Aliran Hisab Hakiki yang dipakai oleh Muhammadiyah adalah hitungan yang berdasarkan kepada peredaran bulan dan bumi yang sebenar-benarnya dan setepat-tepatnya dengan prinsip jika pada tanggal 29 dalam penanggalan hijriyah atau hari terjadinya
1. Ijtimak/konjungsi qabla ghurub (setelah matahari tenggelam)
2. Bulan terbenam setelah matahari maka keesokan harinya telah dinyatakan sebagai awal bulan hijriyah
3. Posisi hilal diatas ufuk hakiki (plus)
Sementara aliran hisab yang pakai oleh MABIMS adalah Posisi hilal yang mungkin dapat di rukyah (Imaknur rukyah) adalah tinggi bulan minimum 2 derajat saat maghrib menurut para ahli hilal hanya dapat dilihat dengan menggunakan teropong bintang bukan dengan mata telanjang, jarak bulan-matahari minimum 3 derajat, saat maghrib dan umur bulan saat maghrib minimal 8 jam lepas ijtimak.

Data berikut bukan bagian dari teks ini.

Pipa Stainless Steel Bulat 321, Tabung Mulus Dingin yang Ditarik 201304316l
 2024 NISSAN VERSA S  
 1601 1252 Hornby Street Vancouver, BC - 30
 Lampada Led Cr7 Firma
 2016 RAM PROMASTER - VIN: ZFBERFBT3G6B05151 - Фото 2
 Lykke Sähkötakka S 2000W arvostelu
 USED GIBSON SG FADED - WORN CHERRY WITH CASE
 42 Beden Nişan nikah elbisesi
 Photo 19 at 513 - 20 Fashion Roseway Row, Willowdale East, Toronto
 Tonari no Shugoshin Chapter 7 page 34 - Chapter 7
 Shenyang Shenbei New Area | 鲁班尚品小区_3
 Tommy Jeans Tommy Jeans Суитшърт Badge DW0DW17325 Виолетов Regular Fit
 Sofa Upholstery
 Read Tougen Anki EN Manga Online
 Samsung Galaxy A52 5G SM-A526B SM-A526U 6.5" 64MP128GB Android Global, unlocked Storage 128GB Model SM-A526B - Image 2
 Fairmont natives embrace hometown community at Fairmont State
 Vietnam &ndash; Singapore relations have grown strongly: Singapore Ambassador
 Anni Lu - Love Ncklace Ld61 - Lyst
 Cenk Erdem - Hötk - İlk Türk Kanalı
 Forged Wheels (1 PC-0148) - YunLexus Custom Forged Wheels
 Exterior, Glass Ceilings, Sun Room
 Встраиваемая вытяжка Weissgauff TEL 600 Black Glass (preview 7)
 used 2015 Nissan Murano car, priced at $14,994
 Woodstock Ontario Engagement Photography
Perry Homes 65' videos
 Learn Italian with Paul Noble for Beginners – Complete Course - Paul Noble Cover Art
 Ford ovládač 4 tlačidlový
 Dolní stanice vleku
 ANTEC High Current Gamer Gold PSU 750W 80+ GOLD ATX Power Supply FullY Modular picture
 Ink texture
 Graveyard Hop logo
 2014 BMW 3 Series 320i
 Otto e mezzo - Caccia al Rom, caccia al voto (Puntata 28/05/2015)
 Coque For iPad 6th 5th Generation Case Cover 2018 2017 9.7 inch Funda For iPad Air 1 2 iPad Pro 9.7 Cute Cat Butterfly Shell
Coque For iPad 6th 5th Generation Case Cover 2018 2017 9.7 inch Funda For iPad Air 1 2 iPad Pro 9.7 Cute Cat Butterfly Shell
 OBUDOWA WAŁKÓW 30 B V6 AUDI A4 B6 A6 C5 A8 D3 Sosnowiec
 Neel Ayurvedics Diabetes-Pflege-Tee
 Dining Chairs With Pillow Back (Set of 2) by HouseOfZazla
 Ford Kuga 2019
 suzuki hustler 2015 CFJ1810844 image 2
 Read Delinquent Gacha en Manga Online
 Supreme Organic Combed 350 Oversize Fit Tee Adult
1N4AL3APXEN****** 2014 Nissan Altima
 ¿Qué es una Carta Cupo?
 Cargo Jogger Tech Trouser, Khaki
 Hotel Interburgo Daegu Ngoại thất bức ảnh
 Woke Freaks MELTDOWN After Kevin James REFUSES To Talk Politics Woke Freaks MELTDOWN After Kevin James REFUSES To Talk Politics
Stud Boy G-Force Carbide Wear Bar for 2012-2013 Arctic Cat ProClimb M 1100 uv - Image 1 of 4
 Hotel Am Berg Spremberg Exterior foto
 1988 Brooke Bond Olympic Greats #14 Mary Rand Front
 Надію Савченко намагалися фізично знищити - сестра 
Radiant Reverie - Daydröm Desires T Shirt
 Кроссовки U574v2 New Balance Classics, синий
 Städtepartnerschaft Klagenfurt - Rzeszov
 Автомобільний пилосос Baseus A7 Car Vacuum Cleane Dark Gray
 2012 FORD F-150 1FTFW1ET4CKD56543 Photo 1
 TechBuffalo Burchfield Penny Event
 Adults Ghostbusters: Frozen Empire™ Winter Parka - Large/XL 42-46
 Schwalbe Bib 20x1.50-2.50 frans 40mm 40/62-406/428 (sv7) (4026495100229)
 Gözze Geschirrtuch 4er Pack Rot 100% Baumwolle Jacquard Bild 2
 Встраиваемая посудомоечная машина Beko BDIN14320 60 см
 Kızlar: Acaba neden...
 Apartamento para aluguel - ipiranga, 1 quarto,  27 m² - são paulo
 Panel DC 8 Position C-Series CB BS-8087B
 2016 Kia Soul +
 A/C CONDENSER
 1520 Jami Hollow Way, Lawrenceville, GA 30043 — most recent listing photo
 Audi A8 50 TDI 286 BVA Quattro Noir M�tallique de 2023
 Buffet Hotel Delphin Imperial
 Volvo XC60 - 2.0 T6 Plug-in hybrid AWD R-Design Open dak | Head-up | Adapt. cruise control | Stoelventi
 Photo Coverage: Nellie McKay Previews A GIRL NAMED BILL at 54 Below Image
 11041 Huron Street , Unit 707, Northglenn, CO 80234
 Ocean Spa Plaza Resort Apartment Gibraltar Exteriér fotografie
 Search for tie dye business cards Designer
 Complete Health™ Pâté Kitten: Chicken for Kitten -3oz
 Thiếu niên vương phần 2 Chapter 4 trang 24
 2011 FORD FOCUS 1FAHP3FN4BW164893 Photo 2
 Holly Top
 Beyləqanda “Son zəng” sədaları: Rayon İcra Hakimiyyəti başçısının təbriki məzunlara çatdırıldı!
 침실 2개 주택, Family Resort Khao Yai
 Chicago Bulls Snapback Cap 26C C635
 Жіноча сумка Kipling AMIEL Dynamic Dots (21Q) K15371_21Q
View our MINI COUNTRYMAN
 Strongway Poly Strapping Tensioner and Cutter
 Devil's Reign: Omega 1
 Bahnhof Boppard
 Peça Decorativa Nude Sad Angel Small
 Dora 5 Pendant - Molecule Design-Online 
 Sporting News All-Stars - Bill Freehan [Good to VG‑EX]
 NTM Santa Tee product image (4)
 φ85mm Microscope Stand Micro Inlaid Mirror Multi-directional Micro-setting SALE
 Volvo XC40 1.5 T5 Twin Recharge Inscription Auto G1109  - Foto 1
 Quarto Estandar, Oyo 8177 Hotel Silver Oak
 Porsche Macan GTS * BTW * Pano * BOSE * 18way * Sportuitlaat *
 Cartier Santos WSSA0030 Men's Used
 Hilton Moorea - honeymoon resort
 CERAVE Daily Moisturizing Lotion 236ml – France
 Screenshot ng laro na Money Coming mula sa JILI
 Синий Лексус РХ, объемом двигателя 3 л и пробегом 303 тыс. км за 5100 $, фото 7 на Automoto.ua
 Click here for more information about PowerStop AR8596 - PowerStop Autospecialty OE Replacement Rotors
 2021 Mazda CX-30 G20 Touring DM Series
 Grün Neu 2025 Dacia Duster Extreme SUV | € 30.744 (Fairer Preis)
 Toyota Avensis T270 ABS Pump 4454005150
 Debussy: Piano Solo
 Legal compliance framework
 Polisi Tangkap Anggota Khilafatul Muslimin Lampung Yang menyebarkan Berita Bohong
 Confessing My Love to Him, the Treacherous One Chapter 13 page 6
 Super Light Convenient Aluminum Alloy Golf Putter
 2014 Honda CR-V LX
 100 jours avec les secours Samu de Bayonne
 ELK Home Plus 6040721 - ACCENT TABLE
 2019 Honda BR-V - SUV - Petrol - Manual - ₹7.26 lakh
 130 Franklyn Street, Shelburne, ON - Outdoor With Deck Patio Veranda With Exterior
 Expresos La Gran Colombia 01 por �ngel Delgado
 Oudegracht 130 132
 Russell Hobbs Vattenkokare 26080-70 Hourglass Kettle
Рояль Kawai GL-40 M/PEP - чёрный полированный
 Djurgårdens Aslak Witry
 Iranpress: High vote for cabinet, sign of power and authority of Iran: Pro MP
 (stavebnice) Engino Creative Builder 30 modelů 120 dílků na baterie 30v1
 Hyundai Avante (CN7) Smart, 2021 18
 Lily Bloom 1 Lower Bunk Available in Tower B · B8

Sementara Posisi hilal diatas ufuk mar’i yang dipakai oleh NU hanya dapat terlihat jika jarak sudut bulan – matahari sebesar tujuh derajat.
Kesimpulannya, apabila hilal berada pada posisi diatas nol (0) derajat dan dibawah 2 derajat, maka akan terjadi perbedaan antara Muhammadiyah dengan Pemerintah dan NU baik itu dalam penetapan awal Ramadhan, Hari Raya Idul Fitri dan Idul Adha. Setelah kita mengetahui dimana letak perbedaannya, kita boleh memilih mana yang kita yakini paling benar tetapi jangan pula kita mengatakan yg lain salah, tidak memiliki dalil yang kuat, berlawanan dengan al-Qur’an dan Sunnah. Karena perbedaan dalam hal hilal ini bukanlah mengenai benar atau salah tapi mengenai mana yang paling akurat dan paling benar. Perbedaan adalah sebuah keniscayaan oleh karena itu mari kita sikapi perbedaan ini dengan arif dan bijaksana agar apa yang dikatakan oleh Rasulullah bahwa perbedaan itu adalah rahmah dapat kita wujudkan
1 komentar:
Meskipun perbedaan pendapat itu sah-sah saja, tetapi adanya kesatuan pendapat rasanya lebih menguntungkan. Sebab, di lapisan awam yg tidak paham benar penyebab perbedaan itu menjadi jengkel. Bisa saja terjadi antara anak dan orang tua atau istri dan suami menjadi kurang harmonis karena beda pilihan anutannya.